Federal immigrant detention has long been a boon to private prison companies Corrections Corporation of America (CCA) and the GEO Group, the nation’s two largest private prison firms, both of which trade on the New York Stock Exchange. Much of that success is the direct result of lobbyists employed by the private prison contractors.

Between 2011 and 2012, CCA and GEO spent over $4,350,000 competing for federal prison contracts. Many of those contracts involved the detention of undocumented immigrants. While that may seem like a lot of money, the two companies netted $1.4 billion in detention contracts from the federal government in 2011 alone. The more prominent lobbying firms that represent CCA include Akin Gump Strauss Hauer & Feld, LLP; McBee Strategic Consulting, LLC; Mehlman Vogel Castagnetti, Inc.; and Sisco Consulting, LLC.

According to their 2015 annual reports, both CCA and GEO Group receive over 40% of their gross revenue from the federal government – and a large amount of that revenue is from Immigration and Customs Enforcement (ICE), for immigrant detention.

Grassroots Leadership and Detention Watch Network, both non-profit organizations that oppose prison privatization, reported that over half of ICE detention facilities are operated by private contractors.

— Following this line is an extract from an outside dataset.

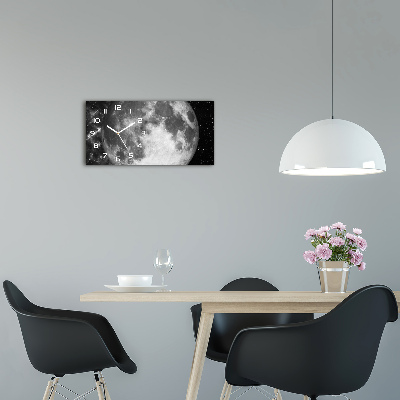 Glazen wandklok rechthoekig Maan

Those private prison firms thus have a financial interest in the continued criminalization and incarceration of undocumented immigrants.

 “At the federal level, initiatives related to border enforcement and immigration detention with an emphasis on criminal alien populations as well as the consolidation of existing detainee populations have continued to create demand for larger-scale, cost efficient facilities,” stated George Zoley, CEO of the GEO Group.

In its most recent annual report, CCA acknowledged that immigration reform “could affect the number of persons arrested, convicted, and sentenced, thereby potentially reducing demand for correctional facilities” to house detainees.

Consequently, the two private prison corporations have spent large sums on lobbyists to protect their interests. CCA spends most of its money lobbying the House and Senate on issues that include “the construction and management of private prisons and detention facilities”; “monitor[ing] immigration reform” and “provisions related to ICE detention.” It paid over $2 million to lobbyists in 2011 and 2012 to lobby for a Department of Homeland Security appropriations bill, specifically with respect to “provisions related to ICE detention; as well as the House of Representatives and the Senate on homeland security issues related to the private prison industry.”

Over the same 2011-2012 time period, GEO forked over more than $220,000 for three lobbyists to represent its interests on issues related to “alternatives to detention.” GEO also has a financial interest in such “alternatives” – in 2011 the company purchased BI Incorporated, which provides GPS monitoring of offenders, including released immigrant detainees.

CCA is the largest private prison company in the U.S; it operates over 70 facilities in 20 states and the District of Columbia with a total capacity of 80,000-plus beds. The $970,000 spent by CCA in lobbying in 2012 appears to be money well spent. The Tennessee-based company netted $570.2 million from the federal government alone that year. According to CCA’s self-reported political activity and lobbying data, it spent $1.1 million in political contributions in 2014 plus “approximately $2.6 million in fees and other payments related to lobbying at the Federal, state, and local levels.”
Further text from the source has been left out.